Dave Lesser can’t ignore the innate gender differences between his daughter and son, but won’t let them be limited or defined by phrases like “girly-girl” or “boys will be boys.”
It’s easy to pretend that the phrases “girly-girl” or “boys will be boys” don’t exist or don’t mean anything, but they do. Whatever the intention, these phrases, which I’ve used myself, are limiting.
I, along with just about everyone on Facebook, loved the Like a Girl Campaign. It took something with a negative connotation and flipped it, or at least made people think about the message the words conveyed. The adults in the video, men and women, demonstrated “throwing like a girl” as weak and ineffectual. The actual girls in the video, however, threw with force and determination. They kicked some ass, with no preconceived notions acting as impediments to their success. It is just as inspiring seeing real girls watch and react to the advertisement, as they do in this SheKnows video.
The question is: When will other people’s perceptions become their own? When will these girls stop believing they are equal to the task, stop throwing baseballs, writing computer codes, and confidently answering a question in chemistry class, because they’re “just girls”? For the record, pick a girl at random and she could probably do any one of those things better than I could. My brothers have forbidden me to even attempt to teach my kids how to throw. So, whatever you do, don’t “throw like a dad.” At least not this dad.
I have a daughter. Maybe I was a feminist before she was born, maybe not. Depending on who you talk to, I’m not one now. I believe in equality and I support the feminist movement.
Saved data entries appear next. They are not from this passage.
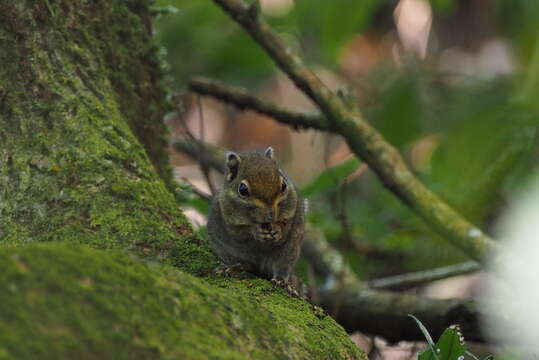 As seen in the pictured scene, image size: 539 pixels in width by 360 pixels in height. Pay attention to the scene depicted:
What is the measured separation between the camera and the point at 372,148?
403cm

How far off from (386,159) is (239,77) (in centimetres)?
286

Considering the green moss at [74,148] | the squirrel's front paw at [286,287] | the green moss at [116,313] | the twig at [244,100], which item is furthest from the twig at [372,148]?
the green moss at [116,313]

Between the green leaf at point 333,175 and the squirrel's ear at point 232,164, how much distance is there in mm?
625

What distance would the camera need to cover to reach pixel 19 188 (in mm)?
2904

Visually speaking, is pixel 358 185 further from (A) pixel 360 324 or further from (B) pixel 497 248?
(B) pixel 497 248

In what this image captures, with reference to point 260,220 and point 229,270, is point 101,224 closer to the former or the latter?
point 229,270

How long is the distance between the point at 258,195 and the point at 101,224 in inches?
33.2

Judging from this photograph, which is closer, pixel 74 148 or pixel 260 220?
pixel 74 148

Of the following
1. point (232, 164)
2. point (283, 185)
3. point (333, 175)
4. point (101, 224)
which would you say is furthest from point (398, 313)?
point (101, 224)

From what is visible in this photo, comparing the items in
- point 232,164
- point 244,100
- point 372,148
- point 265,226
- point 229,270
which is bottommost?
point 229,270

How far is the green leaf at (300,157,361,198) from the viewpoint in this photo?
405 centimetres

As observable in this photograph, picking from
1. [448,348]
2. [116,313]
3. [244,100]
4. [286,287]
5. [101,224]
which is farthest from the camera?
[244,100]

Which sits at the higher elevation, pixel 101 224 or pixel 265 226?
pixel 265 226

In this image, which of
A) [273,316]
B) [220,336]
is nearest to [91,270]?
[220,336] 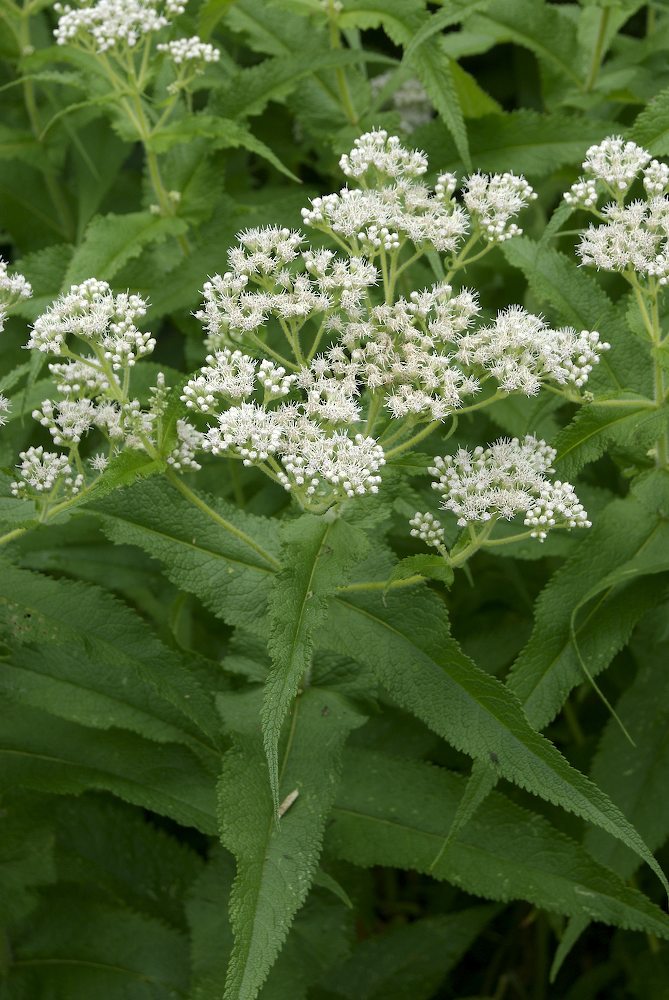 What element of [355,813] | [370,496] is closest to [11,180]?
[370,496]

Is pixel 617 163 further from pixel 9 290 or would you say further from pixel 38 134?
pixel 38 134

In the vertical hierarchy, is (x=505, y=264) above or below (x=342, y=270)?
below

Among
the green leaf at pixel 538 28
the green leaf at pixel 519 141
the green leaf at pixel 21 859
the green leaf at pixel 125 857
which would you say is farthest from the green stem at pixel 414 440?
the green leaf at pixel 538 28

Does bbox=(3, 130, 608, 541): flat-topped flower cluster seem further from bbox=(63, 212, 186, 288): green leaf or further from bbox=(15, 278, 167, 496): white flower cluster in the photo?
bbox=(63, 212, 186, 288): green leaf

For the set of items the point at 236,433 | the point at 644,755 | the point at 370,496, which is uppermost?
the point at 236,433

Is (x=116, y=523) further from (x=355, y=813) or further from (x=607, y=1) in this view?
(x=607, y=1)

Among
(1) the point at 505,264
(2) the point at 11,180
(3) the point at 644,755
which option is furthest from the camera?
(2) the point at 11,180

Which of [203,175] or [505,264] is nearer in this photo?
[203,175] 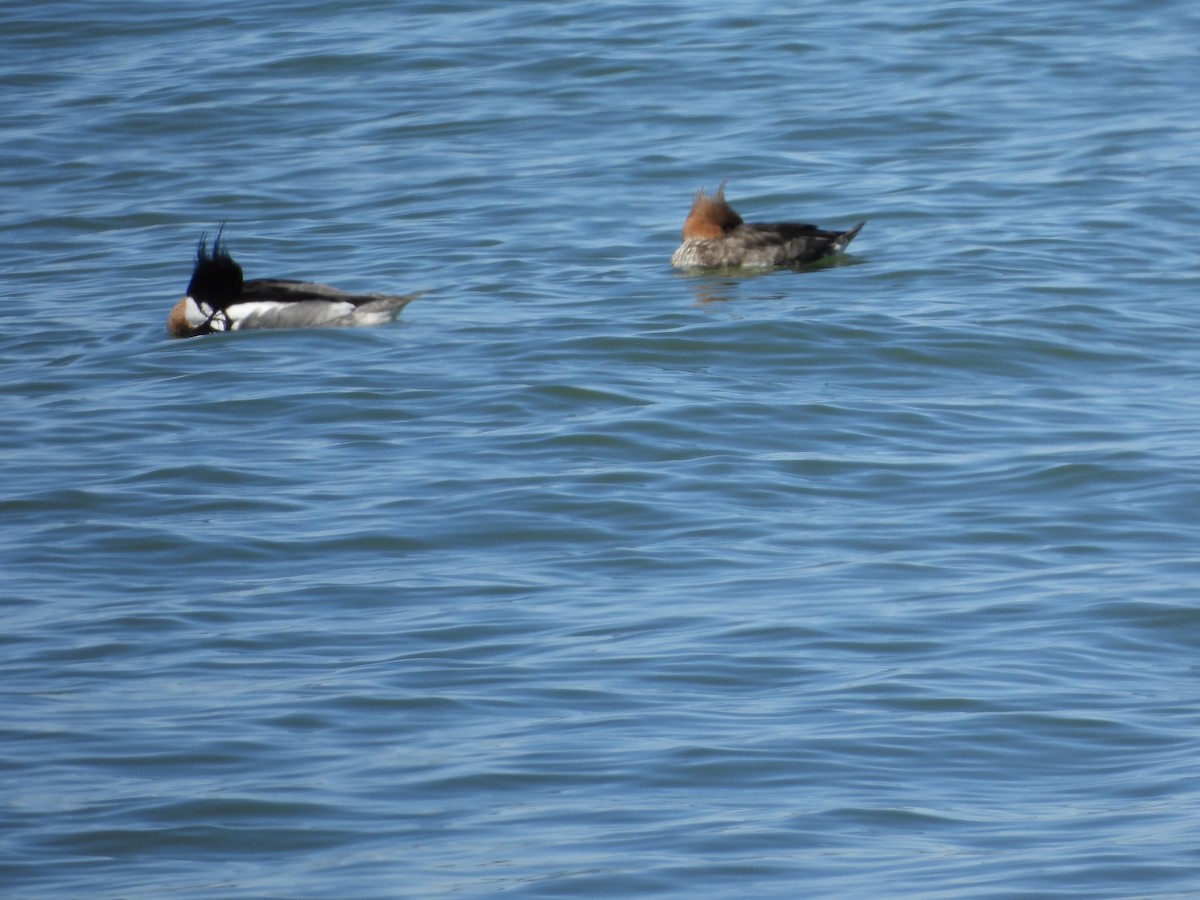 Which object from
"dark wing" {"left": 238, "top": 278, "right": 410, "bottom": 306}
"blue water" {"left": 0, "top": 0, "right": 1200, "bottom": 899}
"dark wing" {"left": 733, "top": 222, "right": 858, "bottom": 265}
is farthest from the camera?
"dark wing" {"left": 733, "top": 222, "right": 858, "bottom": 265}

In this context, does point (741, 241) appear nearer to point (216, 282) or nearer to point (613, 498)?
point (216, 282)

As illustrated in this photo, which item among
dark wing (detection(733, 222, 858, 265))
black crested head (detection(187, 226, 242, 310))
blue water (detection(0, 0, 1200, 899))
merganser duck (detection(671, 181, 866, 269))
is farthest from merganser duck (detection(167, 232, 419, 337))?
dark wing (detection(733, 222, 858, 265))

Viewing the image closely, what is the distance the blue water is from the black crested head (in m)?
0.25

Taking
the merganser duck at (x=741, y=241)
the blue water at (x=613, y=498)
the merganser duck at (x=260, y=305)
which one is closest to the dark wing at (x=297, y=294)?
the merganser duck at (x=260, y=305)

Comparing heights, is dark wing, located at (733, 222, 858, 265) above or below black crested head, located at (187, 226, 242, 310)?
below

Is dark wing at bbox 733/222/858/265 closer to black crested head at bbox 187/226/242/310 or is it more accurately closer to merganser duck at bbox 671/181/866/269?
merganser duck at bbox 671/181/866/269

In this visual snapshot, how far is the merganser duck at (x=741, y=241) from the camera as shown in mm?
12742

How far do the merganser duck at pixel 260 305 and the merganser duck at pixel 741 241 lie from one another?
2.10m

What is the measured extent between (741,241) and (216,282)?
3394 mm

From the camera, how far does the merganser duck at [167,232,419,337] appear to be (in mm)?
11609

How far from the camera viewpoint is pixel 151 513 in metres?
8.17

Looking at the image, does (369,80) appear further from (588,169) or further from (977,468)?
(977,468)

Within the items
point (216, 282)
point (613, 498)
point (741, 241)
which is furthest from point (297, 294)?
point (613, 498)

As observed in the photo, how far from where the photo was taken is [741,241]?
13000 millimetres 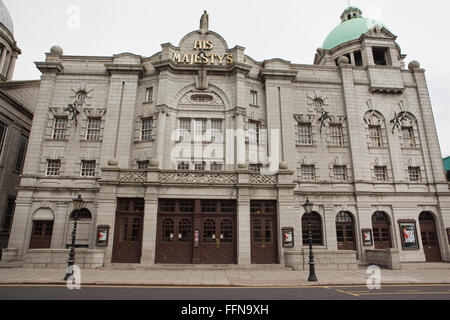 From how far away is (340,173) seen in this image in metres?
26.6

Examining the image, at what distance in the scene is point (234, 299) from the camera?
10125 millimetres

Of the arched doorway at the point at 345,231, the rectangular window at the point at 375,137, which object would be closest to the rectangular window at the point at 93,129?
the arched doorway at the point at 345,231

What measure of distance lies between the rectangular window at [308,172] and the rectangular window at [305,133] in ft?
8.34

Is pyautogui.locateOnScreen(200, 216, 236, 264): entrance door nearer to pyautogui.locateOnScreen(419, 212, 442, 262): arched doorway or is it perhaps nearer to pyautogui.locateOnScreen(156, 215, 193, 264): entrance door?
→ pyautogui.locateOnScreen(156, 215, 193, 264): entrance door

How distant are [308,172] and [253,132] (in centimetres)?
672

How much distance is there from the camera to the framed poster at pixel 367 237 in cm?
2386

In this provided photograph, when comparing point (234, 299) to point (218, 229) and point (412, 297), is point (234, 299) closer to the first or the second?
point (412, 297)

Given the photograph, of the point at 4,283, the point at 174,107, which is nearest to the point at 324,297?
the point at 4,283

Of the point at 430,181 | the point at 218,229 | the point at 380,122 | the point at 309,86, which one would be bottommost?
the point at 218,229

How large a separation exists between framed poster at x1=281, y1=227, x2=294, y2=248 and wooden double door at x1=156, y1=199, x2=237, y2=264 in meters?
3.63

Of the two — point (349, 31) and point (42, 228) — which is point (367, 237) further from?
point (42, 228)

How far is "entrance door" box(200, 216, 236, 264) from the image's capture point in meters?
19.4

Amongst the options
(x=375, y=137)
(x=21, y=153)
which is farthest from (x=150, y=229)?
(x=375, y=137) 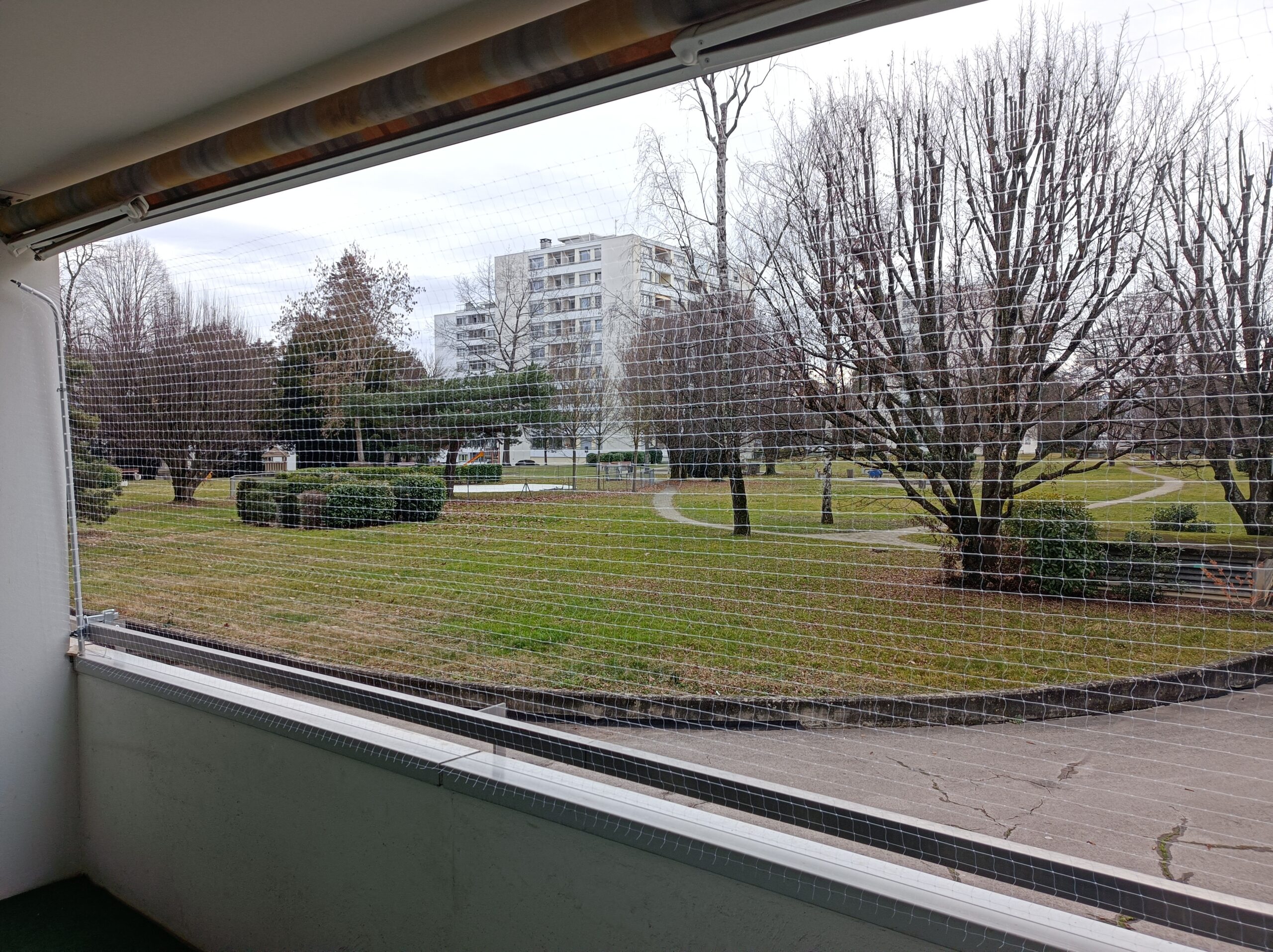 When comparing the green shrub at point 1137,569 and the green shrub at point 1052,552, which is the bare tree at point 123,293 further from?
the green shrub at point 1137,569

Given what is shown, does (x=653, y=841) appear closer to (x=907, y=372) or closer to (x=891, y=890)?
(x=891, y=890)

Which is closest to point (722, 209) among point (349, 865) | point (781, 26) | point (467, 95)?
point (467, 95)

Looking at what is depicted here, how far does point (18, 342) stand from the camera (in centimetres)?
233

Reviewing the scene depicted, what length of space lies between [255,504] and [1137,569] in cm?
334

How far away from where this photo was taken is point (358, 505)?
2.96m

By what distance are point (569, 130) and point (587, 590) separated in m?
3.13

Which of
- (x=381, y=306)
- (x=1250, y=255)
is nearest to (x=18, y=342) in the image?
(x=381, y=306)

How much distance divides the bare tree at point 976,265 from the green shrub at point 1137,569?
0.32 metres

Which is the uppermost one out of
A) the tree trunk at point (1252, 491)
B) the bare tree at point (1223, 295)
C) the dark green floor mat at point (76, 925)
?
the bare tree at point (1223, 295)

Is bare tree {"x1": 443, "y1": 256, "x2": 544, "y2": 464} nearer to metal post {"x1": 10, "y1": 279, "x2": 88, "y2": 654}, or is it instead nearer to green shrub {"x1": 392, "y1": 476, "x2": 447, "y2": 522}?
green shrub {"x1": 392, "y1": 476, "x2": 447, "y2": 522}

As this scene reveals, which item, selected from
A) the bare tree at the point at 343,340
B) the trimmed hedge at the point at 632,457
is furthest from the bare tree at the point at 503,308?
the trimmed hedge at the point at 632,457

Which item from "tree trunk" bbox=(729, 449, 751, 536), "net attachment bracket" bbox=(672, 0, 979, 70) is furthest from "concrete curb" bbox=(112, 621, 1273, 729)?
"net attachment bracket" bbox=(672, 0, 979, 70)

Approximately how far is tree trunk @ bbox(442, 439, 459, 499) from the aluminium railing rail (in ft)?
2.52

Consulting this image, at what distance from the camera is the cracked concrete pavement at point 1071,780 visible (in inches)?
88.7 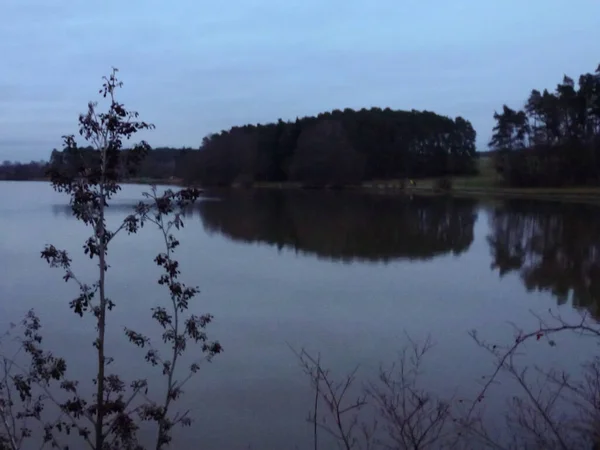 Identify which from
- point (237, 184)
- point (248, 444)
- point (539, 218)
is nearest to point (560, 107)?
point (539, 218)

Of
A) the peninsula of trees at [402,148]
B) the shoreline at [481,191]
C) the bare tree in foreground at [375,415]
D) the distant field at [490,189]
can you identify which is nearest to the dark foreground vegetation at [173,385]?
the bare tree in foreground at [375,415]

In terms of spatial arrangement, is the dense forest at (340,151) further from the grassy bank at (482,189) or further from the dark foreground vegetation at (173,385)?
the dark foreground vegetation at (173,385)

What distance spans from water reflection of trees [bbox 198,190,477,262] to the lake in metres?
0.11

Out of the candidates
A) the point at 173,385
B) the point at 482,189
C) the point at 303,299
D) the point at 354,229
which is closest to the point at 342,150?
the point at 482,189

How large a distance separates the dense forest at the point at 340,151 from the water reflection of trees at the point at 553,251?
35390mm

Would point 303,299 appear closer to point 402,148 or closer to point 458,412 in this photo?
point 458,412

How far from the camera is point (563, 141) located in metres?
51.8

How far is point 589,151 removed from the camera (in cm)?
4972

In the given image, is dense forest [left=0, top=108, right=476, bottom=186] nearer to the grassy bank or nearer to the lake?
the grassy bank

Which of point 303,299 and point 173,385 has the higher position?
point 173,385

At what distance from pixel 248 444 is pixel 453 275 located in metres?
9.45

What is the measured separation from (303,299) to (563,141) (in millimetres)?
45199

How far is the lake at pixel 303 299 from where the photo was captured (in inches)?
297

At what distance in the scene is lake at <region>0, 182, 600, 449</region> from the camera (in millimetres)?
7544
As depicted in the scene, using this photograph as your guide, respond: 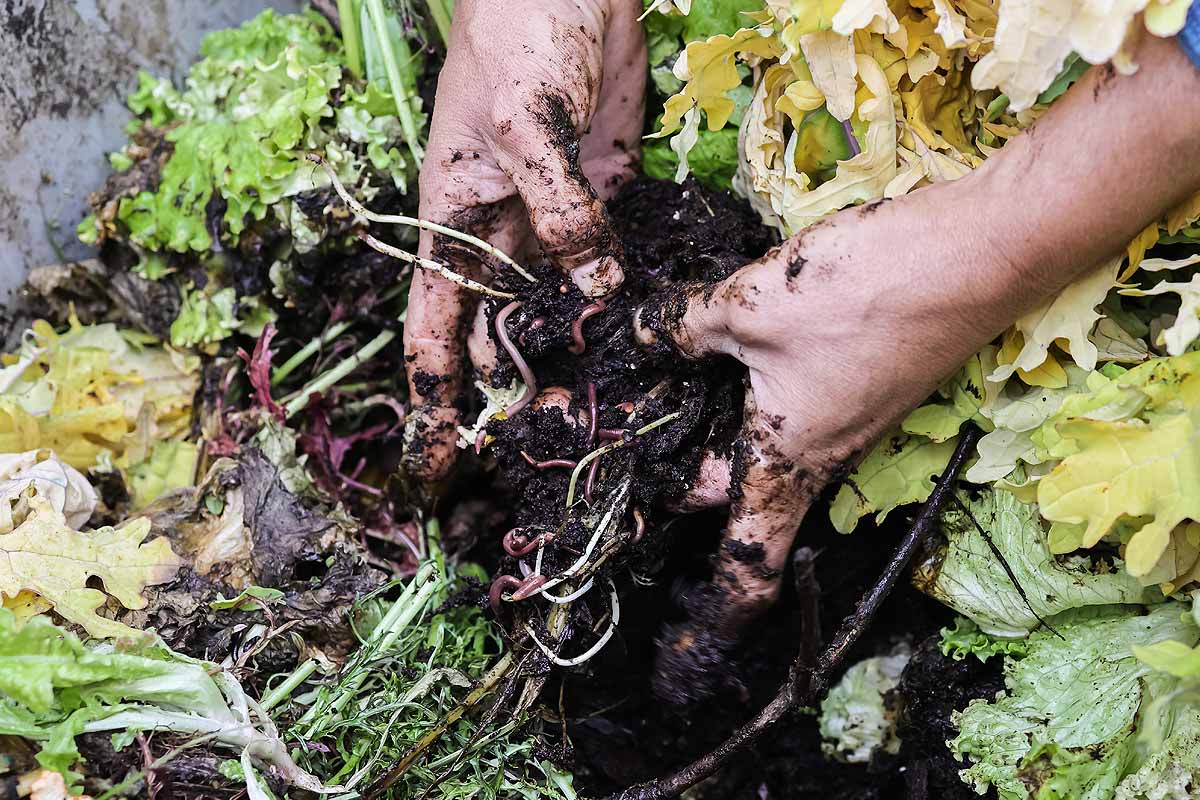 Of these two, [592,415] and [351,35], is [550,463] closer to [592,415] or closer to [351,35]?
[592,415]

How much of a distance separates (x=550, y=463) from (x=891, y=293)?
2.22 feet

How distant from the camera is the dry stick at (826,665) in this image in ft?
5.15

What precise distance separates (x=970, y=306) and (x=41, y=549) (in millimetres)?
1671

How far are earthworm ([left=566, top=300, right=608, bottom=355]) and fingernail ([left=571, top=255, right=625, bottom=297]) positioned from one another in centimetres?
2

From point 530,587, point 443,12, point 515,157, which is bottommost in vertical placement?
point 530,587

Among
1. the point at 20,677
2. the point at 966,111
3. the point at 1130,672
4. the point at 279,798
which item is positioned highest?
→ the point at 966,111

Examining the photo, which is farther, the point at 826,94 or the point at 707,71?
the point at 707,71

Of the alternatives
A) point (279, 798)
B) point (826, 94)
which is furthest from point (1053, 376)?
point (279, 798)

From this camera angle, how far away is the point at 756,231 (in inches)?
73.5

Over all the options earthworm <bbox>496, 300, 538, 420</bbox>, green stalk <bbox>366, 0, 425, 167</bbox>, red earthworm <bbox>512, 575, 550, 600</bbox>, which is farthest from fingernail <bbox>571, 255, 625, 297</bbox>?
green stalk <bbox>366, 0, 425, 167</bbox>

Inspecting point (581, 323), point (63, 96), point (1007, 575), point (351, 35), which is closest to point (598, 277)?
point (581, 323)

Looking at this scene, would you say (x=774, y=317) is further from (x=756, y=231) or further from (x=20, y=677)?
(x=20, y=677)

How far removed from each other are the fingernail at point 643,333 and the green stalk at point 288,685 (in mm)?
881

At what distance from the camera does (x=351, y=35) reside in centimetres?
225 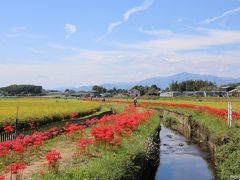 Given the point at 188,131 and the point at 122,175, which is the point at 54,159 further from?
the point at 188,131

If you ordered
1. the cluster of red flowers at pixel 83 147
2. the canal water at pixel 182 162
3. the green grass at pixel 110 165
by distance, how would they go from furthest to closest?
the canal water at pixel 182 162 → the cluster of red flowers at pixel 83 147 → the green grass at pixel 110 165

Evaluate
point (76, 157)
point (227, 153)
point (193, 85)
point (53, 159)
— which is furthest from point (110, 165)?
point (193, 85)

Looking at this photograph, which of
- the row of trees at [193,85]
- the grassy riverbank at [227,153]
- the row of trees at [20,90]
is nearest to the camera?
the grassy riverbank at [227,153]

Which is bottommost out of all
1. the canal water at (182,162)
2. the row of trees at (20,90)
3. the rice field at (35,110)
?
the canal water at (182,162)

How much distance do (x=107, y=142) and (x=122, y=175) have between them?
386 cm

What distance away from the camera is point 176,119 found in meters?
44.8

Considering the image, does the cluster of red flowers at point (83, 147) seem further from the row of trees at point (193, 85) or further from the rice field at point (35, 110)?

My daughter will grow up knowing that she can do ANYTHING and that her gender should never be used against her. Maybe it is still scary is certain circles, but in general, I’m glad that feminism is losing its mystique and becoming more welcoming. Although I’m hesitant to label myself, my children’s generation seems to be thinking in much simpler terms: if you support equality of the sexes, you are a feminist.
Big in certain wings of the feminist movement is the He For She Campaign. As beautifully outlined by Emma Watson, I’m not the first to note that it could just as easily be called She For He. Men should be allies to Feminists, but so too should women seek to normalize, and expect more from, men in traditionally female roles. This is far from a new concept. Gloria Steinem made it clear that “women can’t be equal outside the home until men are equal inside the home…” Men are not incompetent children and shouldn’t be treated as such. By the same token, more must be expected of fathers. Similarly, boys’ behavior should not be excused just because they are boys. Being born with a penis isn’t a free pass to act like an asshole.
Here’s where I admit: I am a hypocrite.
My son does things, almost daily, that make me think “good lord, you are such a boy.” Though I don’t think my not-yet-three year old is an asshole, “such a boy” is definitely not a compliment. It doesn’t mean my son is being creative or innovative or compassionate. The thought doesn’t even pop into my head when he sticks up for his big sister at the playground. (She does the same for him. It’s very sweet. No one is allowed to mess with them, except each other.) It usually comes after he purposely runs into a wall, knocks himself down, and pops back up laughing his little diapered butt off. Or when he throws, well, anything (occasionally a ball, but usually something else) wherever it will do the most damage (the TV, a row of framed pictures and my head are popular targets). He can also weaponize anything from a stuffed animal to a banana. “Ugh, you are SUCH A BOY!” is me calling my son a violent, semi-dangerous idiot (who I love more than life itself).
Being a boy is not an excuse for his bad behavior. When he hits or kicks his sister, he gets in trouble. When he plays too rough or is just being generally destructive, my wife or I let him know that it is unacceptable. But I would be lying if I said his gender isn’t a lens through which I view his personality.
The differences in boys and girls go well beyond the old Kindergarten Cop line, “Boys have a penis and girls have a vagina.” Some of the gender disparities are biological, though others, that seem innate, surely come from outside influences, both deliberate (e.g. marketing pink toys to girls and blue to boys) and subconscious (e.g. telling your daughter how pretty she is more often than you tell her she’s smart, funny, and adventurous, or telling your son to “toughen up”). It all starts so early, I can’t imagine it’s possible to parse the differences, without doing some sort of long term study where the control group is raised on a desert island by robot parents. I don’t think I’m the only parent that would refuse to allow a robot to raise his children, so we’re probably not going to get this valuable information any time soon. (For the record, I could be talked into an occasional robot babysitter.)
Sometimes I call my daughter a girly-girl, because she is one. Sometimes I shake my head at the boyish behavior my son displays, because, seriously, why is it so funny to slam into a wall? But they are not just one or the other. My daughter is a little maniac, too. And my son is the warmest, most compassionate, loving, and sweet boy on the planet. Other people might not always see it in them or expect it from them, but my wife and I do. And, right now, so do they. My daughter knows she can be a princess and a ninja. My son knows, well, pretty much the same thing. As long as we don’t make them think they can’t, they’ll know they can.